The huge selling point of the BH3 is the lens. It provides remarkable clarity, protects against eye strain and enables you to see the weld puddle and your project from any angle.
The auto-darkening feature is wave-length specific. If you hold it up to the sun, it won't darken; but once you start your welding arc, watch it kick into action.
The BH3 meets ANSI/ISEA Z87.1 +2010 standards for impact protection and welding use. It also meets DIN Plus standards for product quality.
The BH3 has three headgear adjustments to meet the needs of your environment and comfort.
Jackson Safety is a venerable name in welding safety products. The four helmets discussed here provide protection and application for different welding needs. Consider your work environment, welding projects and helmet needs before purchasing a helmet. All these are quality products; you just need to match your activities to the correct hood.
Welding Helmet Features To Pay Attention For
The next consideration for selecting a helmet is the intended use. How often and how long at at time will you use your helmet? If you need to do occasional welding projects, you can consider heavier helmets, which are often less expensive. Heavier helmets are naturally less comfortable, but for short periods it is not a problem.
However, if you anticipate more substantial welding projects, investing in a lighter helmet is advisable. You don't want to have to stop working in the middle of a project just because your neck is tired of holding up the helmet.
Consider the size of the viewing area. Some helmets viewing area is very small. You may have to tilt your head at an odd angle to see your project. This may be acceptable for rare projects, but for regular use, consider your neck health as well as your eyes and find a helmet with a large viewing port to avoid compromising your neck.

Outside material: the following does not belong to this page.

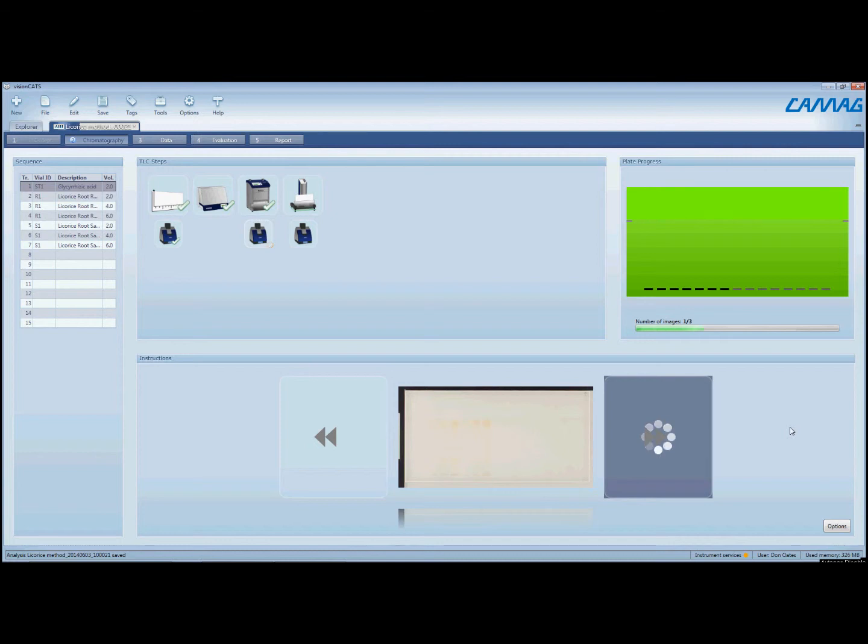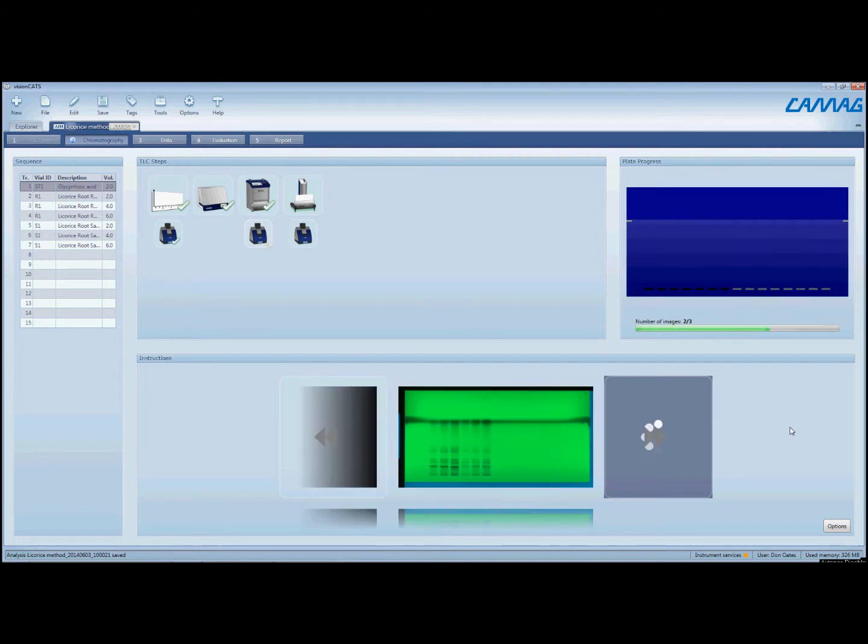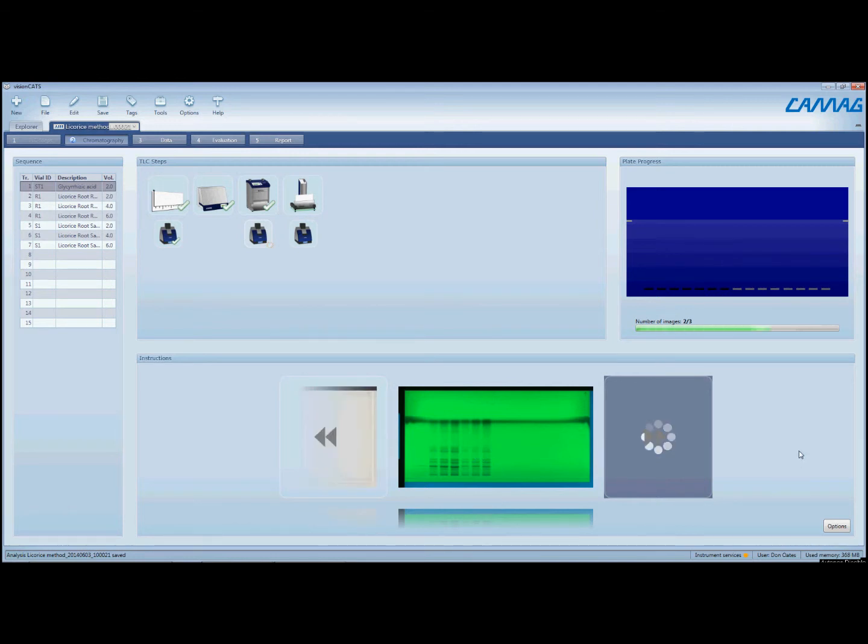We should be able to see some more detail under the different UV light sources. It's currently doing the 254, and there's our 254 nanometer image. And next and last will be the 366 long wave UV.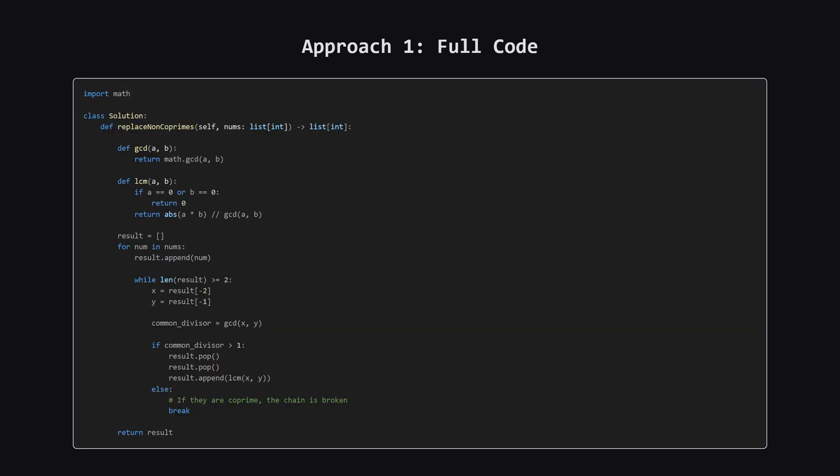Alright, here's the complete Python code for this approach. You can see it follows our plan exactly. We have our helper functions for GCD and LCM at the top. Then the main function iterates through the numbers and uses that while loop to handle the merging on our result list. Let's break down the key parts.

For those of you who do extensive welding, check out the modes available with the helmet to be sure to select one that has all the features you need. More features generally means increased price, but it is better to purchase a helmet with more features than than fewer. You may expand your welding needs as you become more experienced and purchasing a more versatile helmet enables you to widen your work without purchasing a new helmet. Additionally, helmets with more features are often better made to support those features.